Reproduce the records below exactly; no pictures.

(Image-caption web data)
□ □ □ □ □
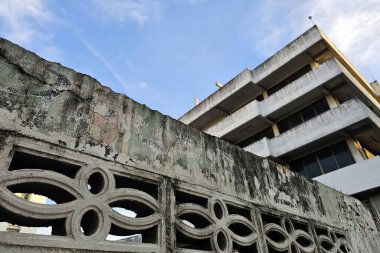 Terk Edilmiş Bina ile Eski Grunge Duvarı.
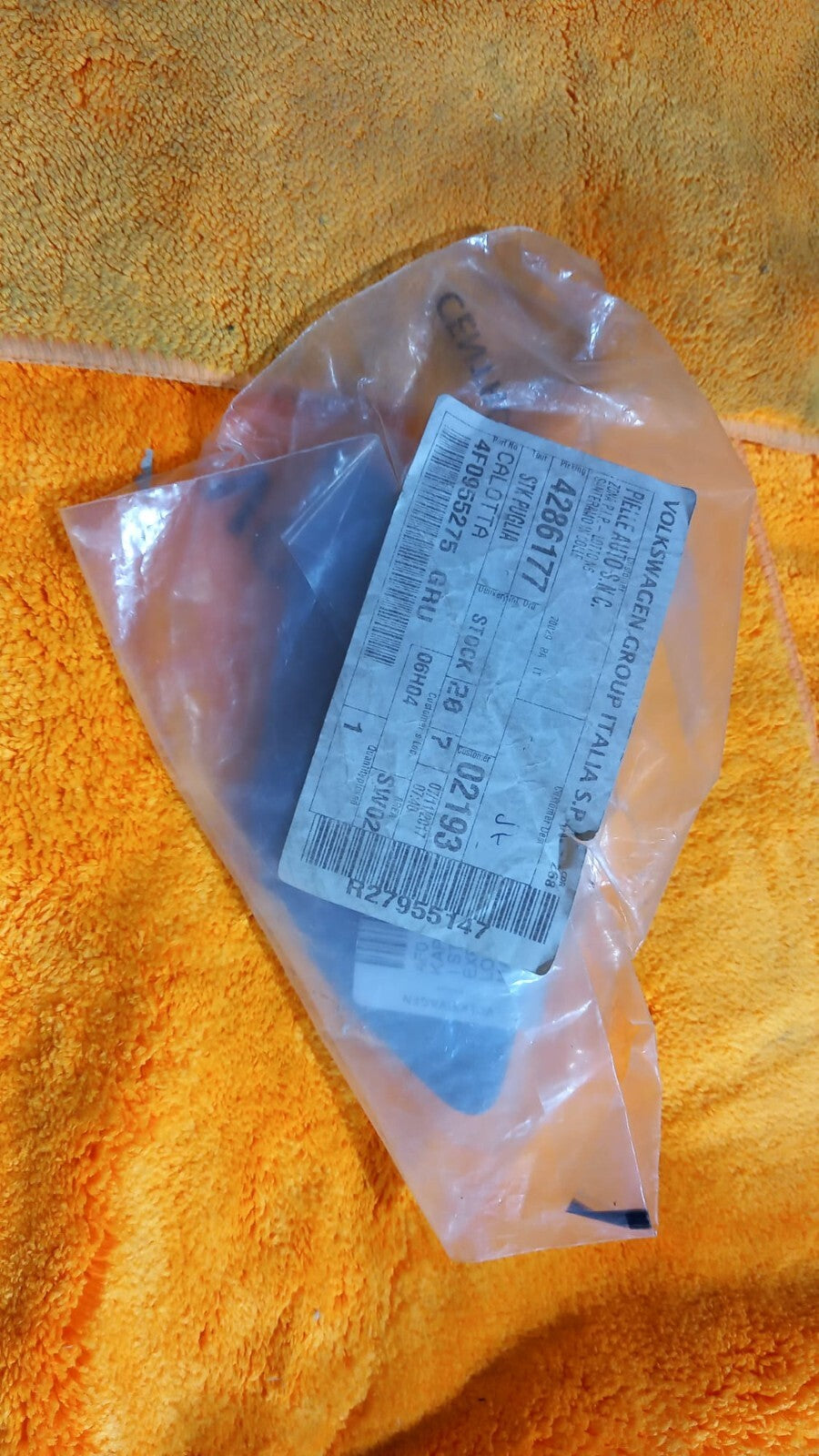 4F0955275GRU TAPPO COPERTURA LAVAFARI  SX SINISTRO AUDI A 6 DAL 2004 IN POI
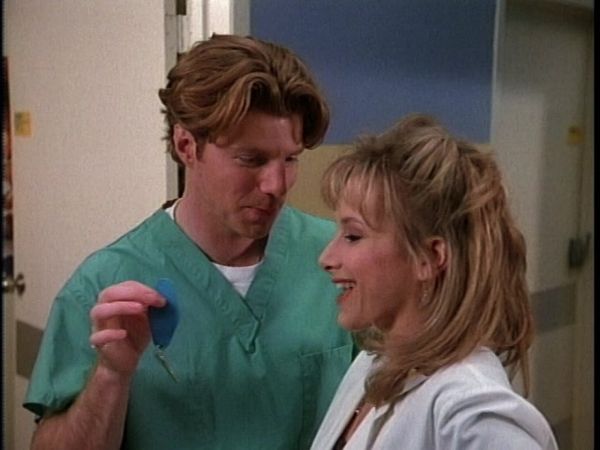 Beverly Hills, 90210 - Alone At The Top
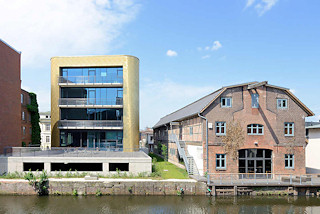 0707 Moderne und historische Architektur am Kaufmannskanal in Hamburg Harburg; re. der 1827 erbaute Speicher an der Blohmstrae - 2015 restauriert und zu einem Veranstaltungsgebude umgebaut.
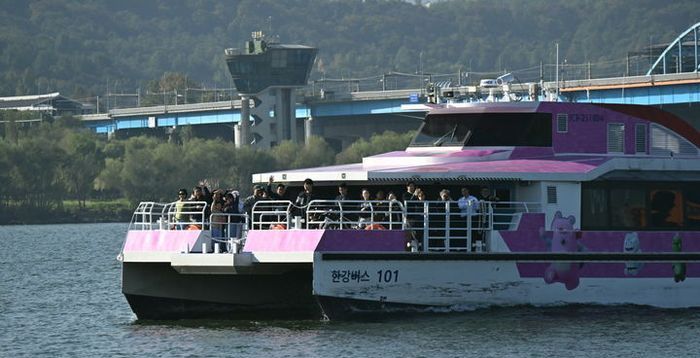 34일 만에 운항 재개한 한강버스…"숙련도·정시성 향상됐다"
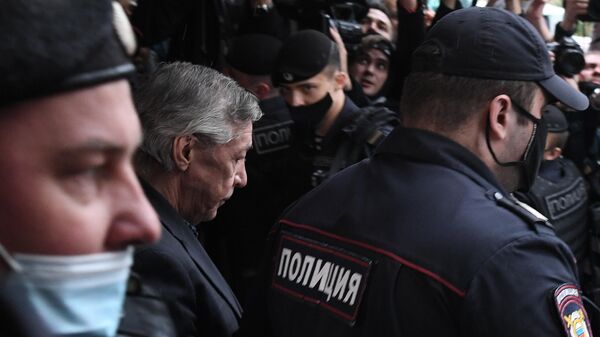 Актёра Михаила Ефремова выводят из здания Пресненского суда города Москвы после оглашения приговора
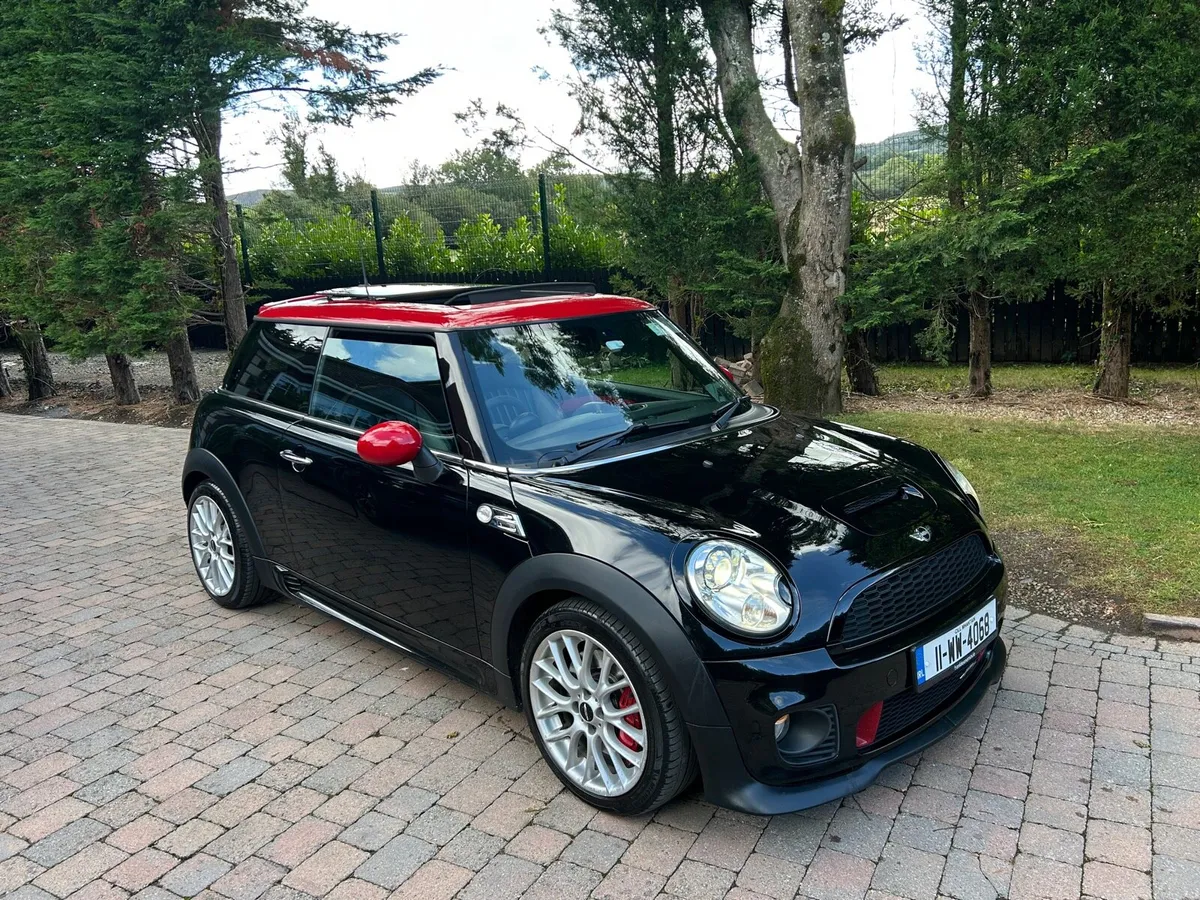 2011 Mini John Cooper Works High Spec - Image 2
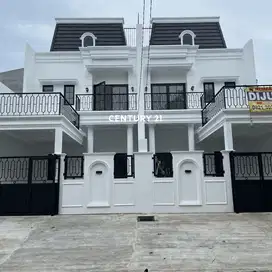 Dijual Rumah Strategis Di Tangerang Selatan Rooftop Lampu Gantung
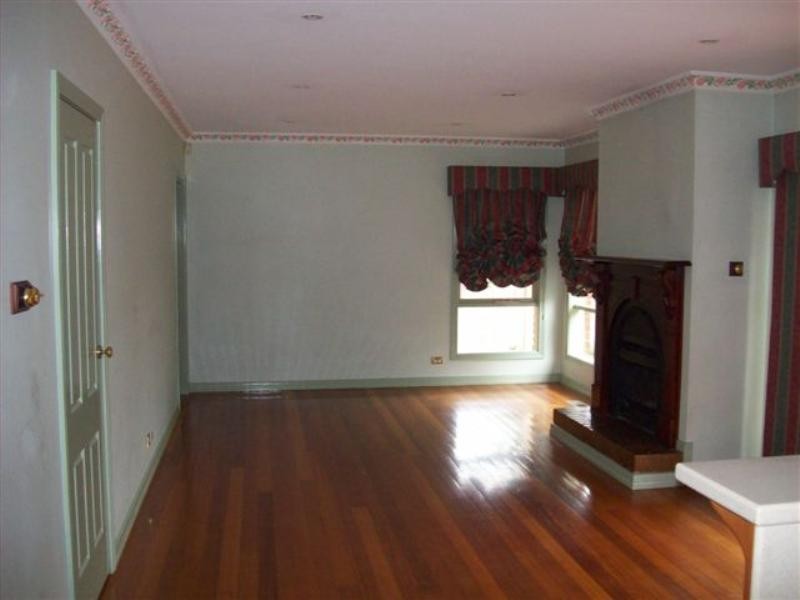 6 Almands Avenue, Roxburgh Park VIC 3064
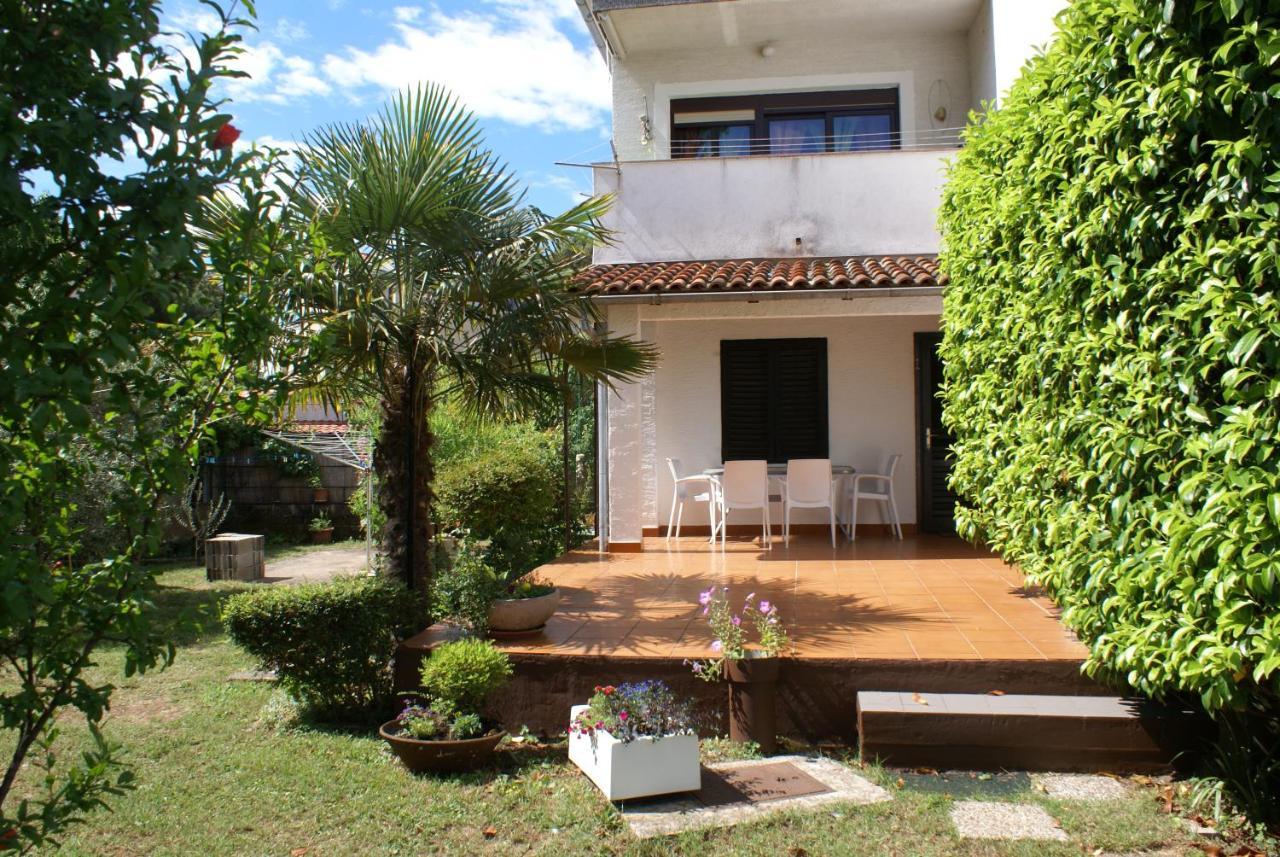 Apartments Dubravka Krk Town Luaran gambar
□ □ □ □ □
Reply to the task:
 Terk Edilmiş Bina ile Eski Grunge Duvarı.
 4F0955275GRU TAPPO COPERTURA LAVAFARI  SX SINISTRO AUDI A 6 DAL 2004 IN POI
 Beverly Hills, 90210 - Alone At The Top
 0707 Moderne und historische Architektur am Kaufmannskanal in Hamburg Harburg; re. der 1827 erbaute Speicher an der Blohmstrae - 2015 restauriert und zu einem Veranstaltungsgebude umgebaut.
 34일 만에 운항 재개한 한강버스…"숙련도·정시성 향상됐다"
 Актёра Михаила Ефремова выводят из здания Пресненского суда города Москвы после оглашения приговора
 2011 Mini John Cooper Works High Spec - Image 2
 Dijual Rumah Strategis Di Tangerang Selatan Rooftop Lampu Gantung
 6 Almands Avenue, Roxburgh Park VIC 3064
 Apartments Dubravka Krk Town Luaran gambar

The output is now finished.